待機児童問題の解消のために、保育園の建設が今、急ピッチで進んでいます。
しかし、建設をめぐって住民が反対する事態が起きています。



建設予定地の近くに住む男性
「子どもがうるさい。
この辺、年配の方がほとんどだから。」



保育園を運営 アートチャイルドケア 村田省三社長
「地域の近隣の方に、できるだけご迷惑をかけない。
そうでなければ受け入れられない時代。」



保育園をめぐるトラブルの実態と、解決のヒントを探ります。

鈴木
「女性が働きやすい環境を整えるためには、全国で2万人余りにのぼる待機児童問題を解消させなければいけないと、国は保育園の建設を急いでいます。
この5年で1,000以上の認可保育園が一気につくられました。」

阿部
「その一方で、全国各地で保育園への苦情が相次いでいます。
先月(9月)東京都が発表した調査では、都内のおよそ7割の市区町村で、保育園などに子どもの声に対する苦情が寄せられていることがわかりました。
保育園をめぐって、今、何が起きているのでしょうか。」

保育園と住民 トラブル急増 その実態

待機児童数が全国1位の世田谷区。
区では今後、4年間で5,700人分の保育園を整備する計画です。
保育園の設置を加速させるため、去年(2013年)、専門の部署を設けました。
不動産業界で働いていた男性を臨時に雇い、そのノウハウをもとに保育園を建てるための場所を探して回っています。

世田谷区職員
「新たな情報をお願いしたい。」

地権者
「お世話できる範囲で心がけておきたい。」


しかし、思うように進んでいないのが現状です。
大きな壁となっているのが、住民の反対です。
世田谷区では、5年間で認可保育園の数を一気に29か所増やし、来年度末までに135か所にする計画です。
そのほとんどが住宅街の中にあります。
保育園ができることで、住民たちからは、これまでの静かな環境が乱されるのではないかと危惧する声もあがっています。
建設中の保育園の近くに住む女性です。

建設中の保育園の近くに住む女性
「(保育園を)増やすのは、お母さん方が働いて(仕事・子育てを)両立するには必要だろう。
でも、静かな住宅街が壊される。
この住宅地は環境がいい所だと思って家を建てたのに。」

こうした声は新しい部署に毎日のように寄せられています。
子どもの声が気になるということに加え、送り迎えの自転車や車が交通渋滞につながるなど、保護者のマナーに対する指摘も出ています。
区では、地道に住民の理解を求めていくしかないとしています。

世田谷区 保坂展人区長
「必要だというからには、どこかにつくらなければいけない。
“きちんとやっていきますよ”“だから認めてください”とお話していく。」



保育園と近隣住民の間のトラブルは、他の地域でも相次いでいます。
東京・練馬区では、住民が騒音などに対する慰謝料を求めて裁判を続けているほか、神戸市でも防音対策などを求めて提訴しています。
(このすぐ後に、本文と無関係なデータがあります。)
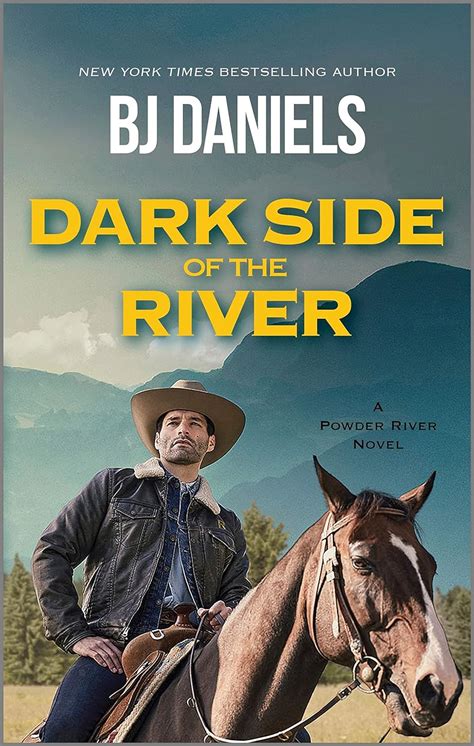 Dark Side Of The River Powder River Book Ebook Daniels B J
こうした中、保育園をめぐるトラブルを専門に扱うリスク管理会社も現れました。
この日訪れたのは、首都圏にある保育園の園長です。
近隣の住民から、子どもの声がうるさいとどなり込まれたといいます。



保育園 園長
「20分、30分たってもお帰りいただけなくて、こちらとしても恐怖を感じる程のどなり方だった。」



この会社では保育園に代わって住民との間に仲裁に入ったり、ケースによっては弁護士を紹介したりしています。

保育園専門 リスク管理 アイギス 脇貴志代表取締役
「私どものような会社がなくなることが一番いいと思う。
社会のニーズが高まっていると思う。」



こうした問題の背景として、専門家は、少子高齢化によって地域で子どもに接する機会が減っていることを指摘しています。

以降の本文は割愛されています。